Die Museumsleiterin Heike Gfrereis zeigt den Raum im Handschriften-Archiv, der ganz dem Schriftsteller Hermann Hesse gewidmet ist. Foto: 7aktuell.de/Gabriel Span

Museumsleiterin Heike Gfrereis öffnet die Türen zum Handschriften-Archiv auf der Schillerhöhe in Marbach.

Marbach - Im Deutschen Literaturarchiv ist das ganze Jahr über Advent. So sieht das zumindest die scheidende Leiterin der Museen auf der Schillerhöhe, Heike Gfrereis. „Wir haben sehr viele Türen“, erklärt sie. „Und man entdeckt ständig etwas Neues.“ Auch nach rund 15 Jahren gehe ihr das noch so. Und das wird auch auf den ersten Blick deutlich. Schon auf dem Weg durch das Archiv führen ständig Treppen und Türen in verschiedene Ecken der Schillerhöhe. „Unterirdisch kann man vom Archiv bis in die Museen gehen.“

Doch dorthin führt der Weg an diesem Tag nicht. Stattdessen bleibt die Leiterin vor „Auerbachs Keller“ stehen. Ein Wink an das Drama „Faust“ sowie an den gleichnamigen Schriftsteller Auerbach. Doch hinter der Tür gibt es weder Getränke noch Müßiggang. Eine Treppe führt von dort ins Handschriften-Archiv. Und weiter in einen Raum, der ganz einem schwäbischen Schriftsteller gewidmet ist: Hermann Hesse.

Dicht gedrängt reihen sich grüne Boxen in den Regalen aneinander. 600 sind es an der Zahl. Darin befinden sich Mappen, die Handschriften des Autors und seiner Angehörigen beinhalten. „Das sind etwa 15 000 Briefe“, überschlägt Heike Gfrereis kurz. Noch einmal die selbe Anzahl liegt in einem Archiv in der Schweiz, wo er seinen Lebensabend verbrachte. Hinzu kommen etwa 30 000 anderweitige Texte.

Zugriff auf diese Sammlung haben nur Mitarbeiter des Archivs. „Andere Benutzer müssen die Schriften bestellen“, erklärt Heike Gfrereis die Vorgehensweise.

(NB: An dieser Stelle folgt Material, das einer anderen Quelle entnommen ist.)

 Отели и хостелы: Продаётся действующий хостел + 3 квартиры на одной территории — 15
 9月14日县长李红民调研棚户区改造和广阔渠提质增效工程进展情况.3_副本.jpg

Die können dann in aller Ruhe im Lesesaal ein Stockwerk weiter oben gelesen werden.

Und wer zu Hermann Hesse forschen möchte, hat die Qual der Wahl. Denn die im Archiv lagernden Papiere sind vielfältig. Vorsichtig öffnet Heike Gfrereis eine der braunen Kartonmappen. Zum Vorschein kommen bunte Aquarellzeichnungen. „Das ist eine Schmuckabschrift, die Hesse für seine Frau Ninon angefertigt hat“, weiß die Museumsleiterin. Die Schönschrift mit selbst angefertigten Bildern des Märchens „Piktors Verwandlungen“ ist im Urlaub in St. Moritz entstanden. Dort hatte das Paar mit Thomas Mann und seiner Familie freie Tage verbracht.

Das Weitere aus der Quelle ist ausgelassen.